Your task
Only the lines from the beginning of the entries through the one that holds "Crew Neck Tulle" may appear in the answer, written out exactly and free of pictures.

--- START ---

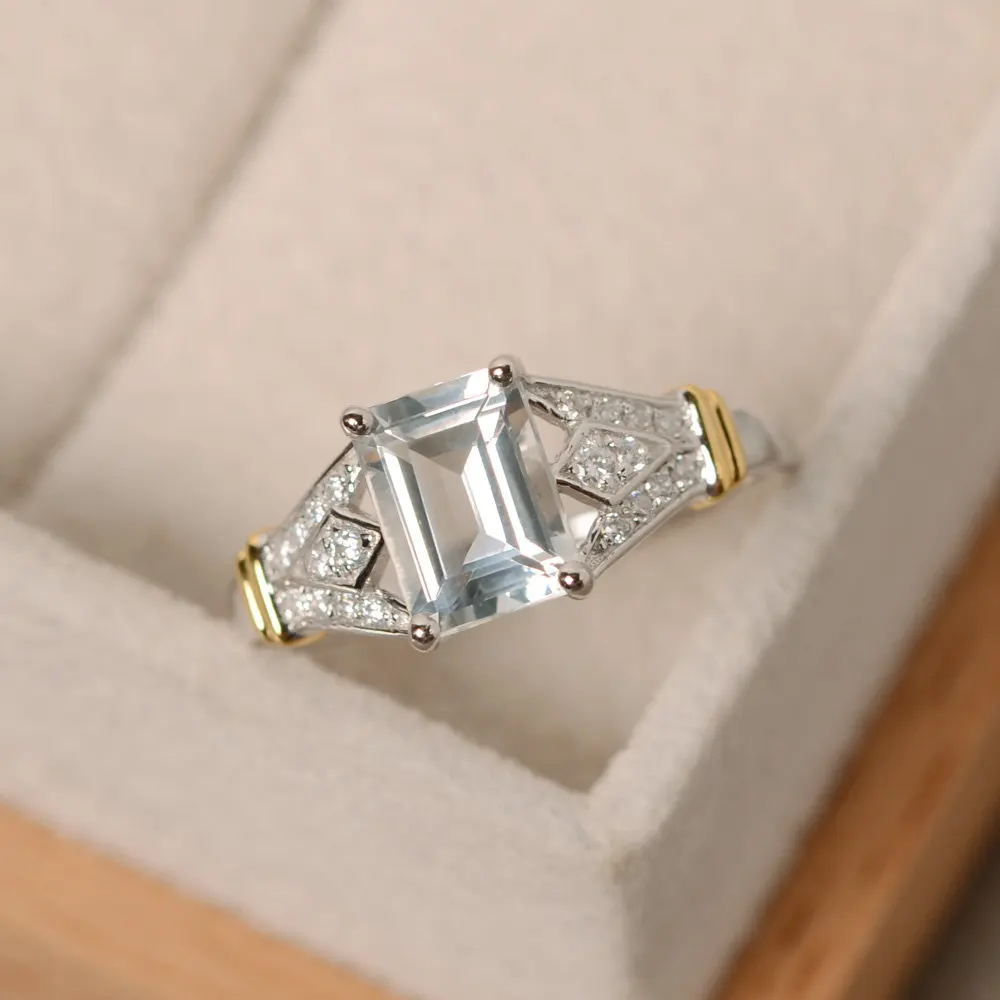 Gorgeous and Noble Natural Zircon Ring Jewelry Two-color Engagement Ring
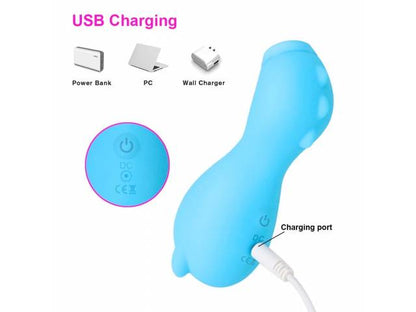 Vibrador Succionador Clítoris Docoo Recargable YS-BE215   Celeste  Adulto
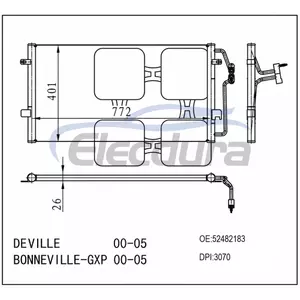 52482183 Cadillac DeVille 2000-2005 Klima Kondenser Komplesi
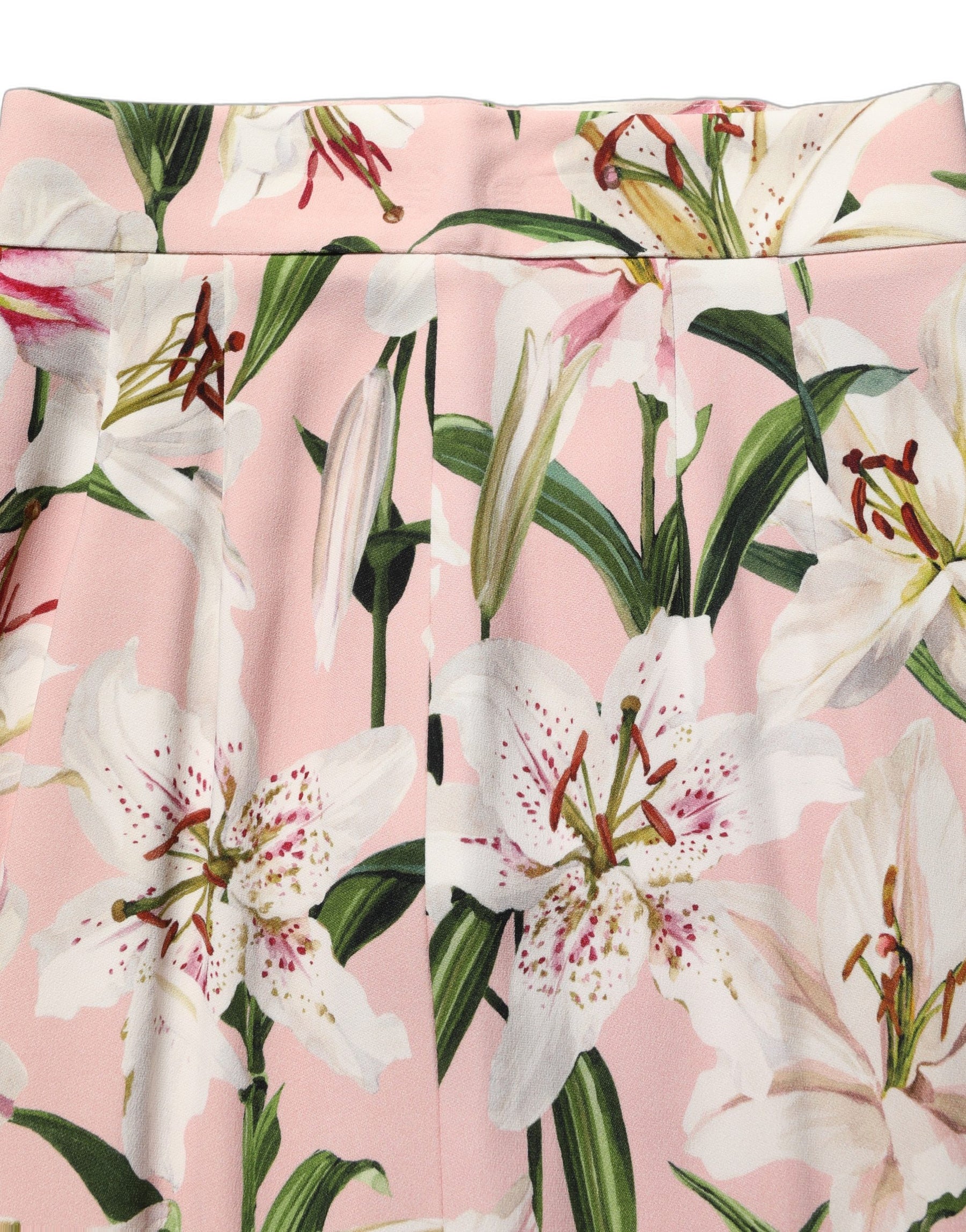 Dolce & Gabbana Pink Lilium Print High Waist Pencil Skirt | Regal Royce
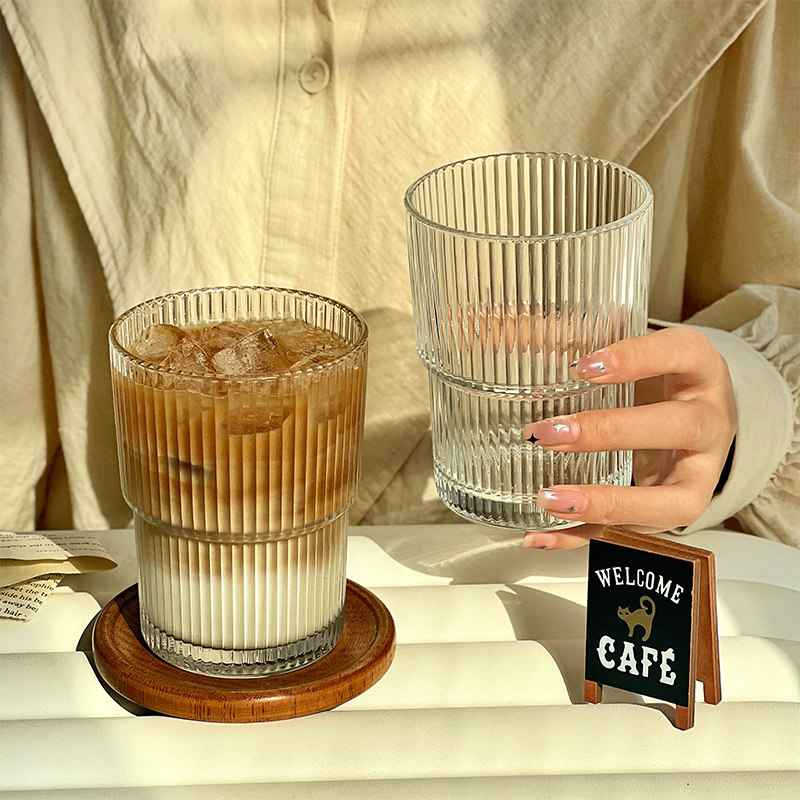 Стеклянная чашка, кофейная чашка, соломинка высокого качества с крышкой, чашка для воды, домашний лед для женщин, американский латте, чашка для молока, чашка для напитков
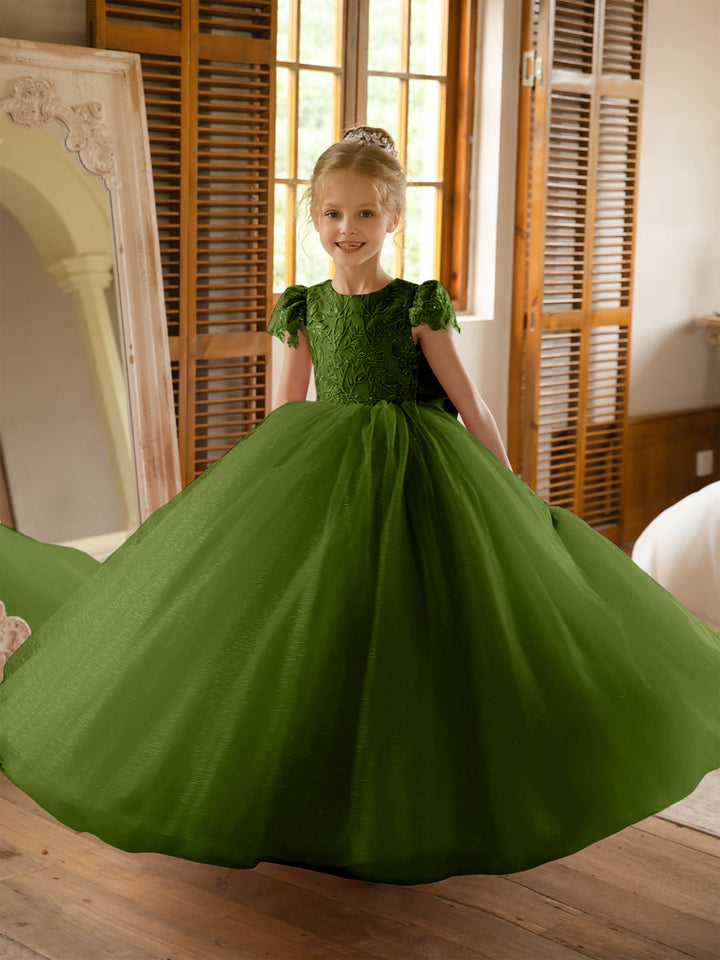 Crew Neck Tulle Flower Girl Dresses with Applique &amp; Satin Bowknot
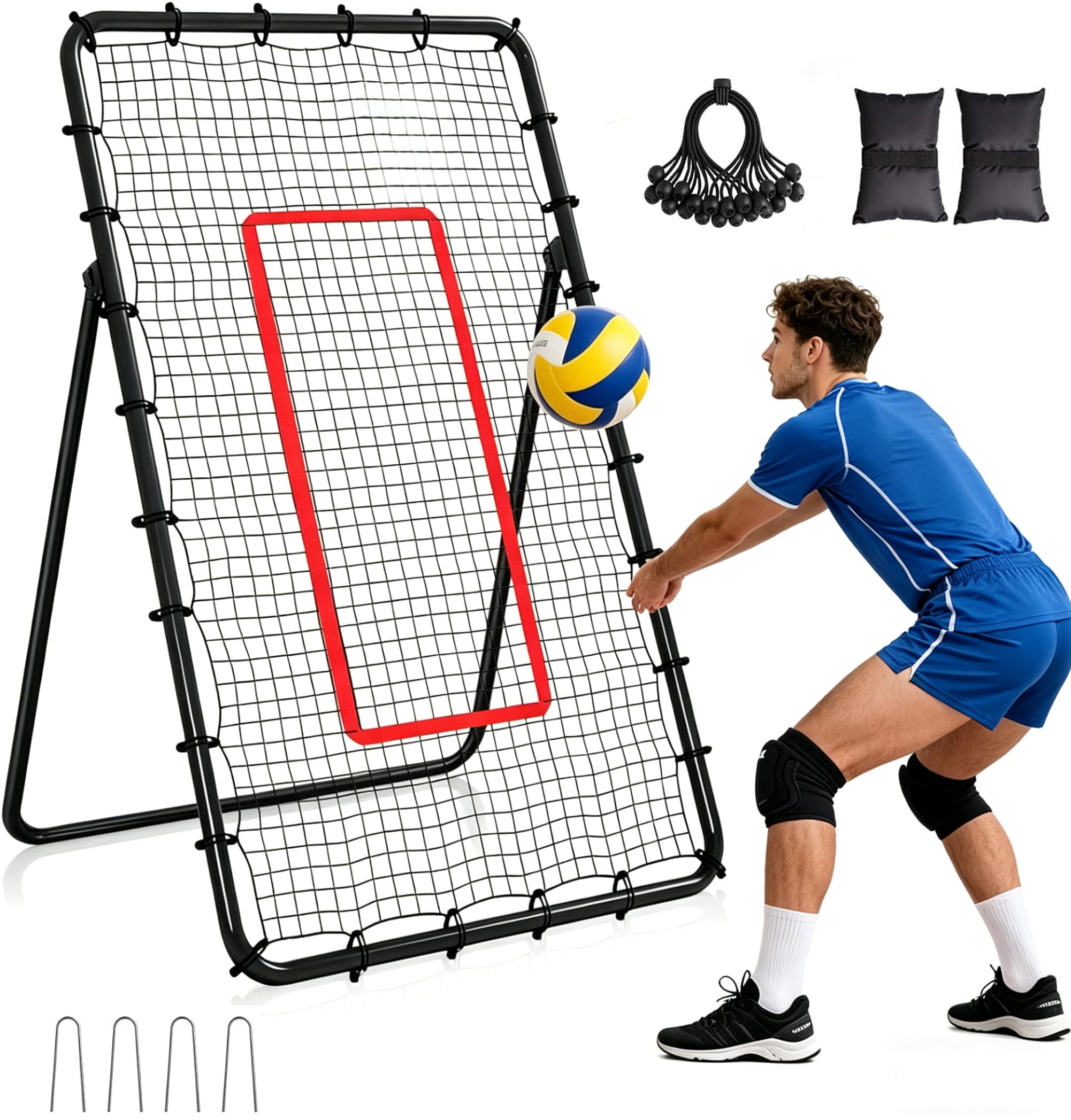 Yiwsnust rebounder front view showing target stripe and clear aim point for focused practice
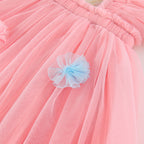 Vestido Infantil de Tule com Asas e Flores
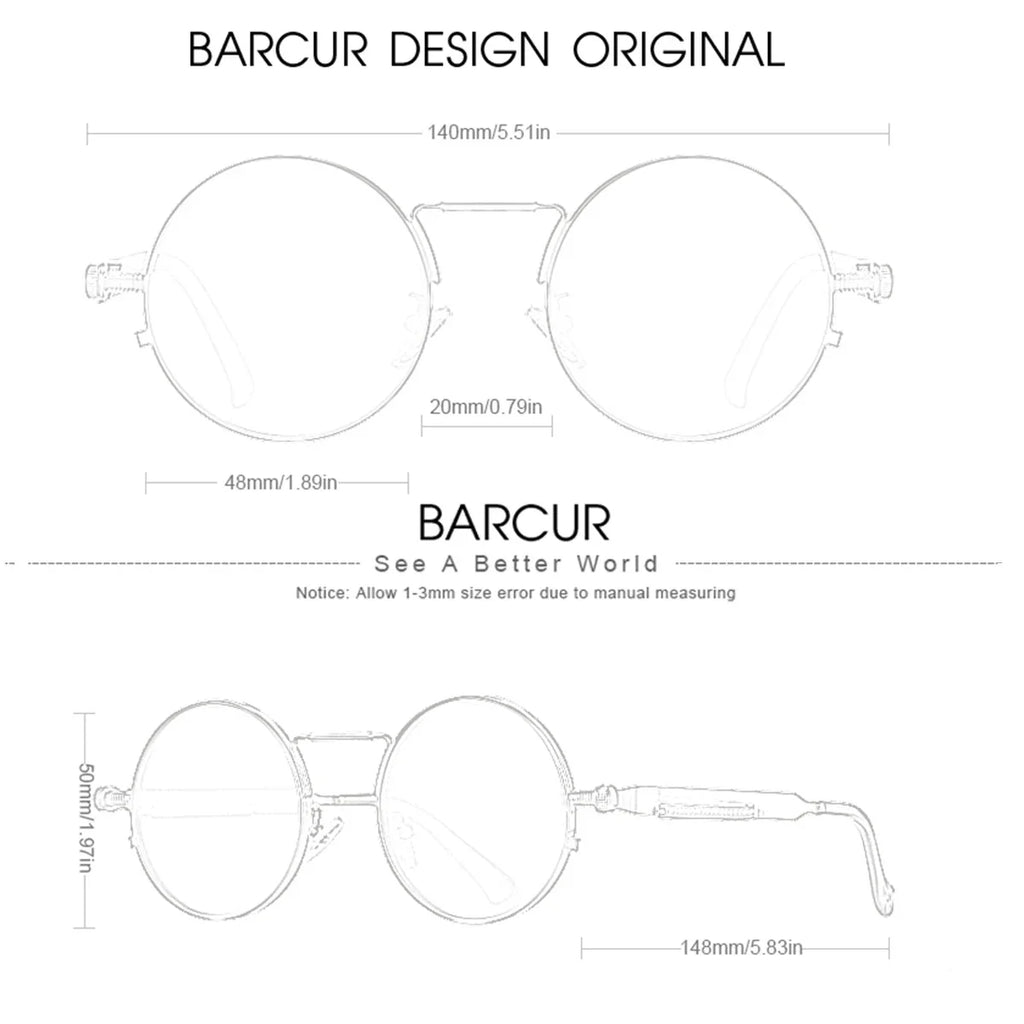 Men's Steampunk Round Sunglasses – Polarized UV400 Retro Style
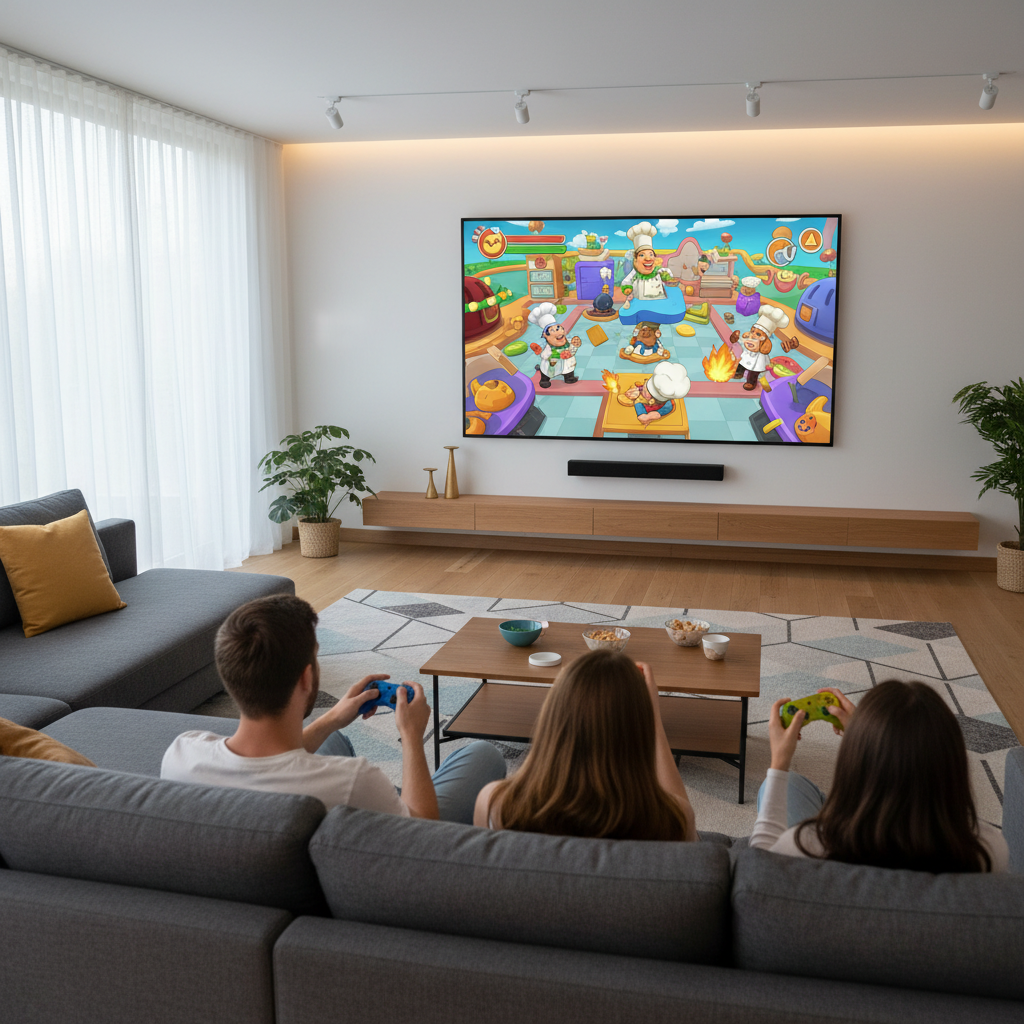 Overcooked-style cooperative kitchen chaos on a TV with four players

--- END ---

Response to the exercise
 Gorgeous and Noble Natural Zircon Ring Jewelry Two-color Engagement Ring
 Vibrador Succionador Clítoris Docoo Recargable YS-BE215   Celeste  Adulto
 52482183 Cadillac DeVille 2000-2005 Klima Kondenser Komplesi
 Dolce & Gabbana Pink Lilium Print High Waist Pencil Skirt | Regal Royce
 Стеклянная чашка, кофейная чашка, соломинка высокого качества с крышкой, чашка для воды, домашний лед для женщин, американский латте, чашка для молока, чашка для напитков
 Crew Neck Tulle Flower Girl Dresses with Applique &amp; Satin Bowknot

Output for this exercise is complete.